TASK DESCRIPTION:
In the records below, find the line with "A Marine asleep" and the line with "Magnetic Compass for". Print both exactly, along with every line between them, and no other line.

MATERIAL SHOWN:
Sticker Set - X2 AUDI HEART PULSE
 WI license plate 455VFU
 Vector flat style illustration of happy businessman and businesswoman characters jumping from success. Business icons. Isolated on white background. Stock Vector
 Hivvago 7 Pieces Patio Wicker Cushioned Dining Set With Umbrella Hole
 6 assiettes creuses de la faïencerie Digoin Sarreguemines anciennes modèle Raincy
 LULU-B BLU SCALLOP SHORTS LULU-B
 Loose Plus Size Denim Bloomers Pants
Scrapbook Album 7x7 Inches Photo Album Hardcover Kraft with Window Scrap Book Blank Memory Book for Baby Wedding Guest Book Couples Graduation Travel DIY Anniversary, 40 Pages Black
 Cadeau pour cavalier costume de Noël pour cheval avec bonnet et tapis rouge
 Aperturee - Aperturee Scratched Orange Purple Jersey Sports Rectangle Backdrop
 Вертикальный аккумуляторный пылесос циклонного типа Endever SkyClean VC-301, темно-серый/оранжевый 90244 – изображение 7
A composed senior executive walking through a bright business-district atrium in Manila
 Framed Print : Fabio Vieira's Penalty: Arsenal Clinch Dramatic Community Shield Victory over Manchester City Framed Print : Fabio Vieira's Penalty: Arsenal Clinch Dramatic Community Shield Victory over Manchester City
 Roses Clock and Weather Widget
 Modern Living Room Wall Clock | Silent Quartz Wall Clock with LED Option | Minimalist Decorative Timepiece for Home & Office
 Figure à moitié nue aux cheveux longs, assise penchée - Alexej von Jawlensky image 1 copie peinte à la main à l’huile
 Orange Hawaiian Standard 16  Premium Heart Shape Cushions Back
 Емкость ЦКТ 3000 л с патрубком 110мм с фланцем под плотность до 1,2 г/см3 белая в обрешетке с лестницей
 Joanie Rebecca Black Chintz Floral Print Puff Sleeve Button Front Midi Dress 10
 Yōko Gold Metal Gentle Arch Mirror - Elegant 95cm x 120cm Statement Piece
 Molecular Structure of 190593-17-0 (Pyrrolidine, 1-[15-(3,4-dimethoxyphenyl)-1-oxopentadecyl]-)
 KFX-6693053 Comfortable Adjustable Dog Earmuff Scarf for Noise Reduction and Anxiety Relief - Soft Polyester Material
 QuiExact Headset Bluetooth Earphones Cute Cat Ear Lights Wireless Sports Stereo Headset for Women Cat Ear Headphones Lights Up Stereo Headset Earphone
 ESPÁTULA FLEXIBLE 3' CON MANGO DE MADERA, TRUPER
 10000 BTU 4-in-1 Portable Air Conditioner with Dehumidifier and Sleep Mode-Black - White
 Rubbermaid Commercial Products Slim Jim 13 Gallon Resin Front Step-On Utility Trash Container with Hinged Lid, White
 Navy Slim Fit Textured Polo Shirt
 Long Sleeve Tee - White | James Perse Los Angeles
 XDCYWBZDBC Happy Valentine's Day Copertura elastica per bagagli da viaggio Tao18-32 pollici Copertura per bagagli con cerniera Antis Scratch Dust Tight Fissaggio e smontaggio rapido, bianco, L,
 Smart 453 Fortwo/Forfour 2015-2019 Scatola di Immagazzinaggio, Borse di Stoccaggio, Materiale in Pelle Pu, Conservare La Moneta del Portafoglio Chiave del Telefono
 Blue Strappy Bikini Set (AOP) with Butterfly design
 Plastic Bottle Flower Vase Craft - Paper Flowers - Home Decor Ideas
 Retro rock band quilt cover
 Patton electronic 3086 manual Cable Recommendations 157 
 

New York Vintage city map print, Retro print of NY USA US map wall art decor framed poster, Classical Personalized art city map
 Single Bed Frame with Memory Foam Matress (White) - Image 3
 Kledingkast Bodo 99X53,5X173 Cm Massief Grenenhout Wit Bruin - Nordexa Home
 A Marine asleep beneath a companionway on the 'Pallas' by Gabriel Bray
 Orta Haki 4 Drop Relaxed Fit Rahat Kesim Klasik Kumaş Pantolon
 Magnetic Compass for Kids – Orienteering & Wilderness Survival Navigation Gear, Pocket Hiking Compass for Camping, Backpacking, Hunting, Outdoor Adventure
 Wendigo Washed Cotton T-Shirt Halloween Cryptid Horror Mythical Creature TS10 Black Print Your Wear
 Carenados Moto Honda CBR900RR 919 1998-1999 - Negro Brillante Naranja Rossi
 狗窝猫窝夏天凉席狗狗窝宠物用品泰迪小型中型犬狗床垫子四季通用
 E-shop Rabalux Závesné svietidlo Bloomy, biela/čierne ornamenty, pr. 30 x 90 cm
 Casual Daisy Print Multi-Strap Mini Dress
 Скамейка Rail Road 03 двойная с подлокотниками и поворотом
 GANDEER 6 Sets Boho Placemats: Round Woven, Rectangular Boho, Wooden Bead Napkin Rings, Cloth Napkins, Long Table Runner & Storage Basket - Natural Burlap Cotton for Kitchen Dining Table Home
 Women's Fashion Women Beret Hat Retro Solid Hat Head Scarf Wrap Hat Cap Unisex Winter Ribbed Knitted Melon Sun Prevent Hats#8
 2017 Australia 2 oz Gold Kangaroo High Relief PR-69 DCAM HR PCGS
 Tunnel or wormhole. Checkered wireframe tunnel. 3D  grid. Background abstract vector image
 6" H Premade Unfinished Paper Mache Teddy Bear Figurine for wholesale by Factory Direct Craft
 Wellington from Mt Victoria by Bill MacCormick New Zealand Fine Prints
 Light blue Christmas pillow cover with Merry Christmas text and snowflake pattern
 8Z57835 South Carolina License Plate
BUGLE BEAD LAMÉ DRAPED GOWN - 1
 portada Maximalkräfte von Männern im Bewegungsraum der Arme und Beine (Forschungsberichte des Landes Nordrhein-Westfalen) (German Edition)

PROBLEM SOLUTION:
 A Marine asleep beneath a companionway on the 'Pallas' by Gabriel Bray
 Orta Haki 4 Drop Relaxed Fit Rahat Kesim Klasik Kumaş Pantolon
 Magnetic Compass for Kids – Orienteering & Wilderness Survival Navigation Gear, Pocket Hiking Compass for Camping, Backpacking, Hunting, Outdoor Adventure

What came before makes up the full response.